Новелла о доне Сандальо, игроке в шахматы - страница 14
XXIII
28 ноября
Нет, на тебя ничем не угодишь! Теперь ты требуешь, чтобы я по крайней мере написал о доне Сандальо, игроке в шахматы, настоящую новеллу. Пиши ее сам, если хочешь. Ты осведомлен обо всех событиях, все они были изложены в моих письмах. Если тебе этого мало, выдумай что-нибудь другое, согласно рецепту Пепе Галисийца. И все же, что ты желаешь, чтоб я еще сочинил, кроме того, что тебе известно? Ведь это уже готовая новелла. А кому этого недостаточно, тот пусть заставит поработать собственную фантазию и добавит, что ему нужно. Я же повторю, что в моих посланиях к тебе налицо вся моя новелла об игроке в шахматы, вся новелла о моем игроке в шахматы. И другой для меня не существует.
Но зачем тебе непременно домогаться от меня чего-то еще, чего-то другого? Отыщи-ка в своем собственном городе — лучше в предместье — уединенное кафе, но именно такое, как я тебе описывал: с потускневшими зеркалами по стенам; сядь за столик посредине залы и, отражаясь в двух рядах зеркал, примись сочинять. И рассказывай сам себе. Я не сомневаюсь, что в конце концов ты встретишься со своим доном Сандальо. Он не будет моим? Ну так что же! Он не будет игроком в шахматы? Пусть будет бильярдистом, или футболистом, или кем угодно. К примеру, сочинителем. И ты сам, пока будешь сочинять про него и вести с ним беседы, сделаешься сочинителем. Итак, мой Фелипе, сделайся сочинителем и не требуй сочинений у других. Сочинитель не обязан читать чужие сочинения, хотя Бласко Ибаньес и уверяет, что не читает ничего, кроме романов. И если сочинительство как профессия ужасает тебя, то еще ужаснее сделаться профессиональным читальщиком. Однако откуда бы взялись эти фабрики, наподобие американских, производящие серийное чтиво, если бы не было потребителей, поглощающих серия за серией эти плоды фабричного производства.
А теперь, чтобы не докучать тебе более моими посланиями и расстаться наконец с этим уголком, где меня преследует загадочная тень дона Сандальо, игрока в шахматы, я не позднее завтрашнего дня уезжаю отсюда и возвращаюсь туда, где мы с тобой сможем на словах, а не на бумаге продолжать наш диалог о его истории.
Итак, до скорого свидания. Твой друг, последний раз обнимающий тебя заочно.
Эпилог
Перебирая письма, присланные мне незнакомым читателем, я невольно перечитывал их снова и снова, и чем больше я их читал и вникал в прочитанное, тем сильнее мной овладевала, пока еще смутная, догадка, что эти письма — мистификация и в них неизвестный автор в завуалированном виде изложил свою собственную историю. Быть может, сам дон Сандальо — автор этих писем, в которых он изобразил себя глазами стороннего наблюдателя, чтобы изображение было более беспристрастным, личность автора — замаскированной, а истинная суть его истории — скрытой. Разумеется, в этом случае он не мог поведать о своей собственной смерти и о разговоре своего зятя с предполагаемым корреспондентом Фелипе, то бишь с самим собой, но это просто-напросто сочинительский трюк.

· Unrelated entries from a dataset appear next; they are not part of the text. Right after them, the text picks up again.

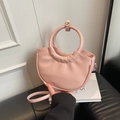Pink semi-circle handbag with large round top handle and detachable strap in glossy finish - Pink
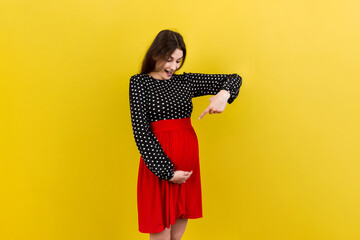 Young surprise or shocked woman pregnant isolated colored background. expression female
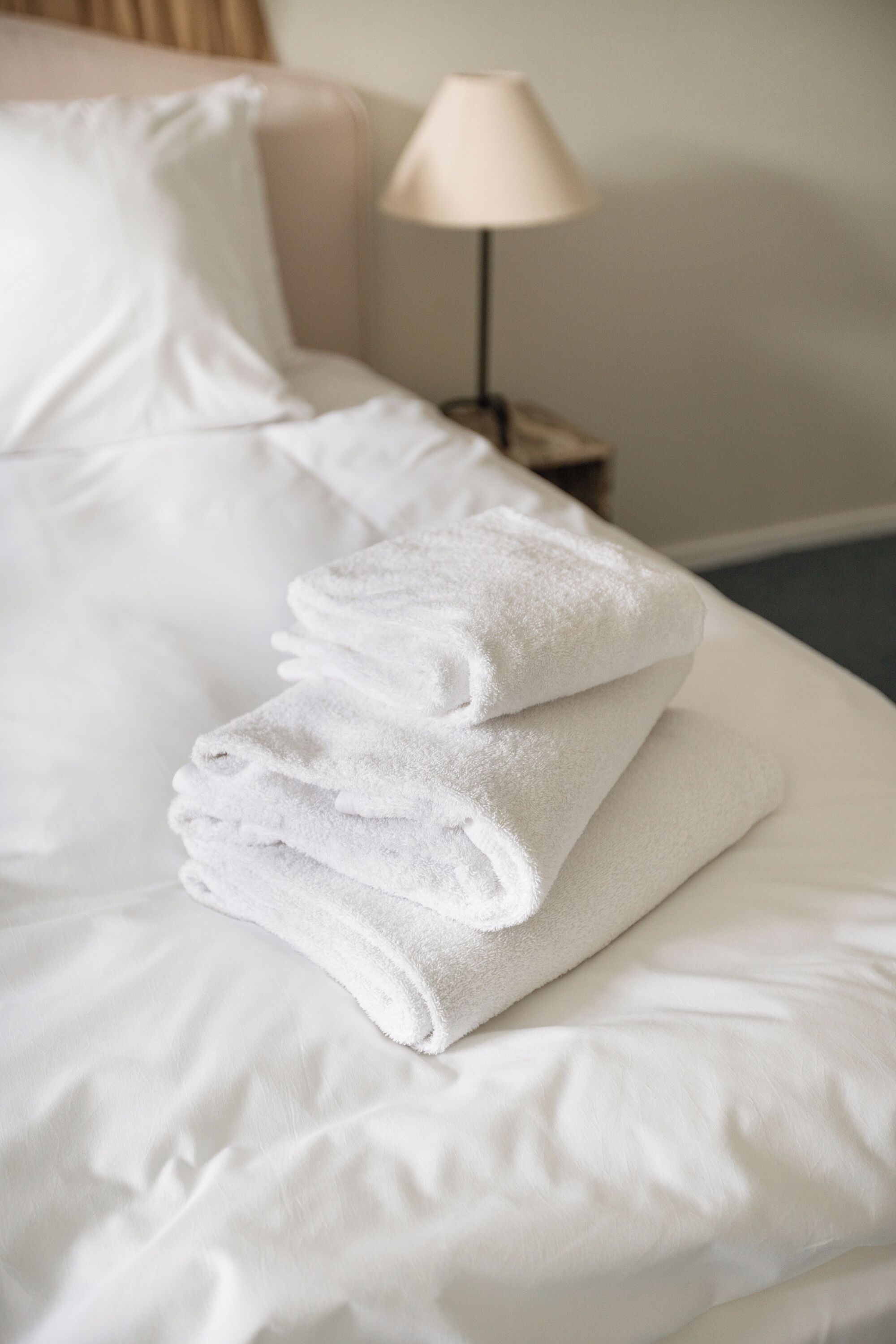 A neatly made bed with white linens and a stack of folded white towels.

А разве нельзя предположить, что дон Сандальо, «мой дон Сандальо», главный персонаж этой переписки, есть не кто иной, как «мой дорогой Фелипе»? И все эти письма — романизированная биография Фелипе, которому они якобы адресованы и который мистифицирует меня под видом неизвестного читателя? Автор писем! Фелипе! Дон Сандальо, игрок в шахматы! Образы, исчезающие в туманных зеркалах!
Впрочем, известно, что любая история чужой жизни, изложенная в документальной или романизированной форме — что порой почти одно и то же, — всегда автобиографична для ее создателя; любой автор, полагая, что он пишет о другом человеке, на самом деле пишет о себе, но о себе, чрезвычайно непохоже на того себя, каковым он сам себе представляется. Все великие историки были сочинителями; они всегда всовывали самих себя в свои истории, в истории, ими же самими сочиненные.
В свою очередь, любая автобиография есть не что иное, как вымысел. Вымыслом являются все «Исповеди» начиная от святого Августина, в том числе «Исповедь» Жан-Жака Руссо и «Поэзия и правда» Гете, хотя уже в самом названии, данном Гете своим воспоминаниям, с олимпийской проницательностью угадано, что ближе всего к истинной правде правда поэзии и нет истории более правдивой, чем вымышленная.